Difamar significa desacreditar a una persona, de palabra o por escrito, publicando algo contra su buena fama. En principio, debería ser aplicable sólo a personas y no a teorías políticas, religiones u otro tipo de creencias, porque ¿qué razón puede haber para que se considere incorrecto o peligroso el intento de desprestigiar ideas o creencias? ¿No se puede desacreditar la superstición, no se debe pelear por la pérdida de estimación pública de determinadas creencias, de toda índole, política, religiosa o económica? La historia contiene magníficos, y muy saludables, ejemplos de ese tipo de luchas y de los innegables beneficios que reportaron al conjunto de la humanidad.
Lo importante, lo que debería exigir Naciones Unidas, siempre y en toda circunstancia, es el respeto a la libertad de expresión individual, el derecho a la expresión de las personas que se consideran religiosas, practicantes o creyentes de cualquier religión, de manera que estén en condiciones de defender sus ideas en el mismo plano legal que quienes defienden cualesquiera otras (siempre dentro del respeto a la Declaración Universal de Derechos Humanos, por supuesto). Pero la libertad de expresión, como la libertad de creencias, debería amparar también la "difamación de las religiones", caso de que exista semejante concepto.
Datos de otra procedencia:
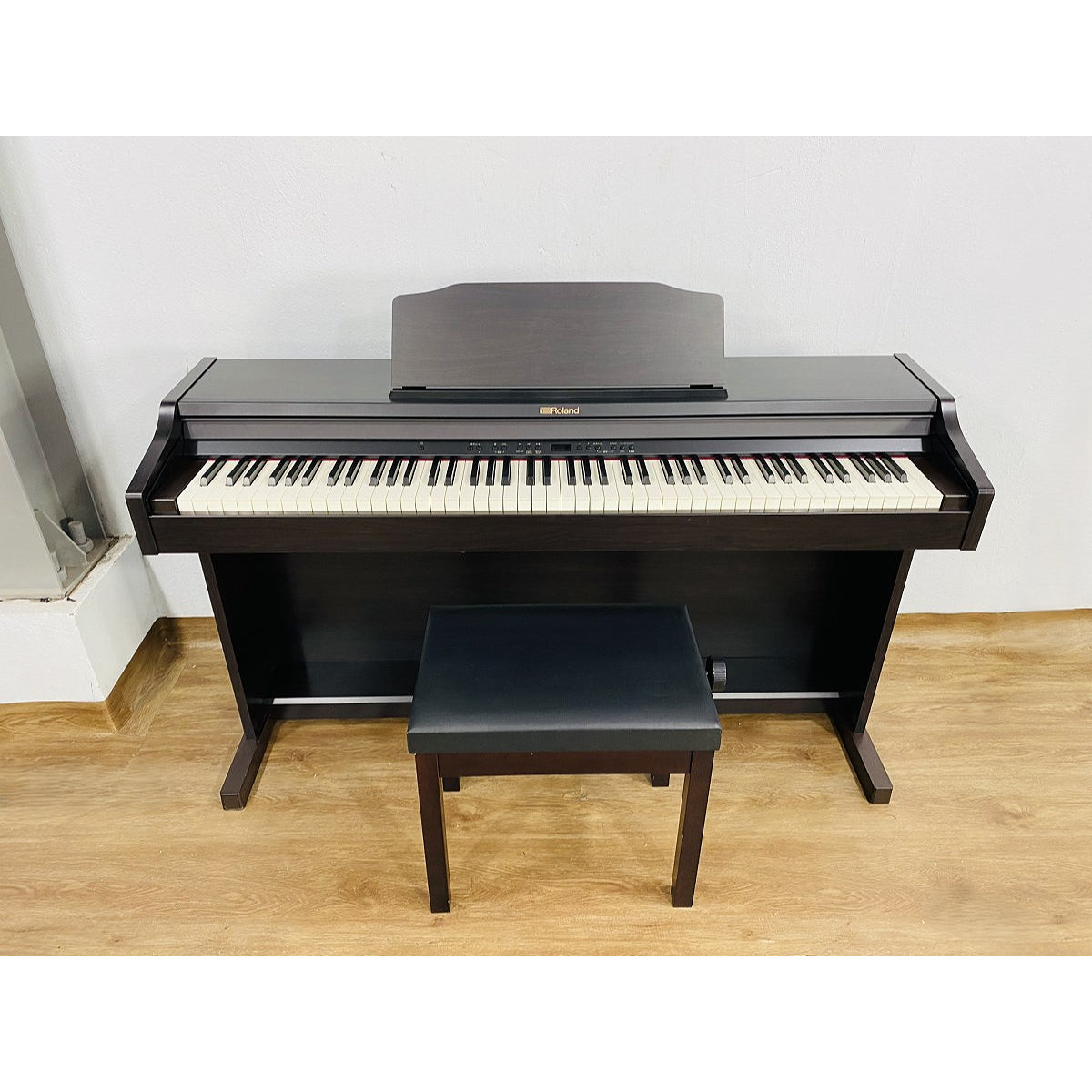 Đàn Piano Điện Roland RP501R - Qua Sử Dụng - Việt Music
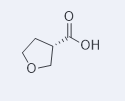 (S)-四氢呋喃-3-羧酸-CAS:168395-26-4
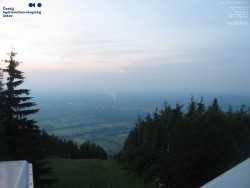 Červená sjezdovka, Třinec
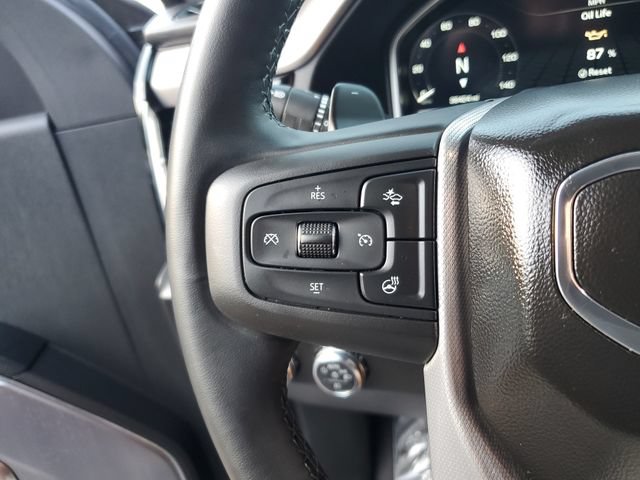 Used 2023 GMC Sierra 1500 Denali w/ Technology Package AWD/4WD image 29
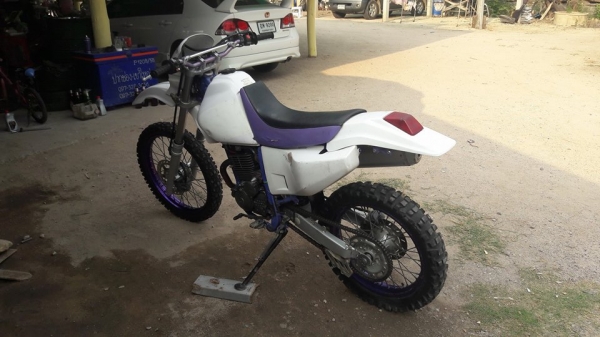 1997ttr250
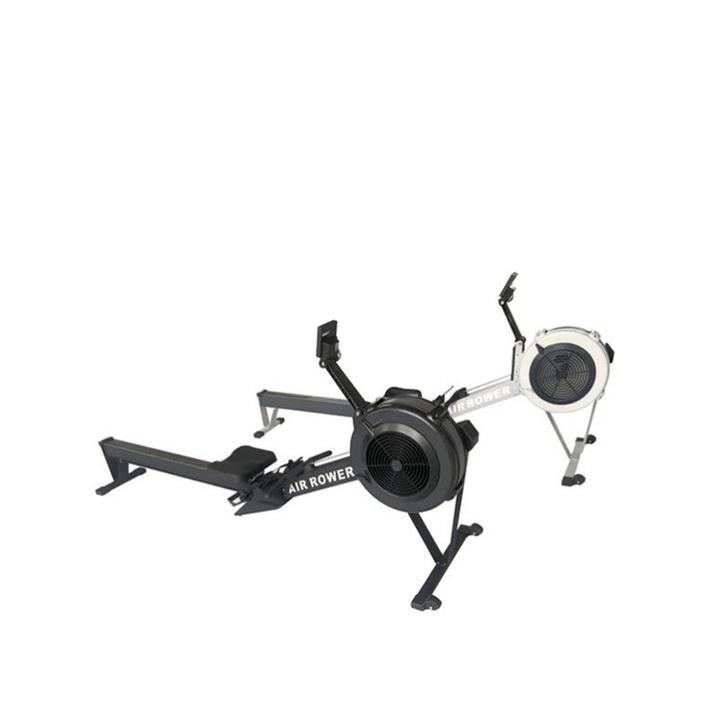 AIR ROWER – ROEITRAINERS, Sport en Fitness, Fitnessmaterialen, Zo goed als nieuw, Overige typen, Armen, Benen, Borst, Buik, Rug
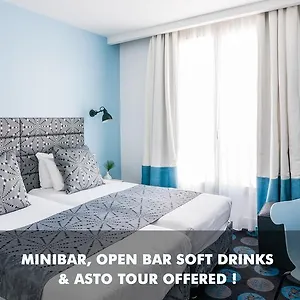 Hotel Astoria - Astotel, Paris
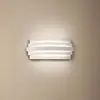 ACB ILUMINACIÓN Applique LED Luxur, blanche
El documento de Diène contiene una denuncia expresa del fenómeno creciente de la islamofobia, es decir, de la discriminación, prejuicios y trato desigual de que son víctimas, en Occidente, los musulmanes, tanto a título individual como colectivo. La llamada de atención de Diène está plenamente justificada, porque es evidente que, a raíz del 11-S, se somete a los musulmanes a una sospecha generalizada y que se tiende a percibirlos, en bloque y de manera irracional, como enemigos de los valores de la democracia y los derechos humanos.
Pero una cosa es defender el escrupuloso respeto de los derechos individuales de los musulmanes, su derecho a tener mezquitas y a profesar su fe, y otra, impedir que se critiquen sus creencias o, incluso, que se las pueda someter a burla. Los musulmanes tienen todo el derecho del mundo a criticar al catolicismo o al judaísmo, y desde luego, al islamismo, si les da la gana, al igual que los católicos tienen derecho a desacreditar al Vaticano o a Mahoma. Y los humoristas, de cualquier procedencia o creencia, deberían tener derecho a reírse y a ridiculizar las creencias de unos y otros y combatirlas con la sátira y la burla.
Desde ese punto de vista, es francamente peligroso que el relator de Naciones Unidas defienda que el descrédito de las religiones "ofrece la justificación intelectual y la legitimación que sirve de sustento a toda forma de discriminación", porque es más bien él mismo quien está ofreciendo apoyo y sustento a viejas formas de censura. "La renuencia a aceptar la legitimidad de una ética religiosa en las decisiones y debates fundamentales de una sociedad democrática es una muestra de secularismo dogmático que conlleva no sólo el surgimiento de una cultura antirreligiosa, sino también la intolerancia hacia cualquier práctica, expresión o signo religioso", mantiene Diène. Da la impresión de que el experto de Naciones Unidas considera que existe una única ética religiosa, cuando en realidad existen muchas religiones diferentes, con preceptos éticos distintos (y en algunos casos, intolerables). En su afán por denunciar el peligro de un enfrentamiento entre religiones (que siempre han sido sanguinarios e inmisericordes), Naciones Unidas puede estar cayendo en algo igualmente indefendible: proponer que las autoridades públicas participen en la promoción o fomento de las religiones. Una piedra más en el camino de vuelta.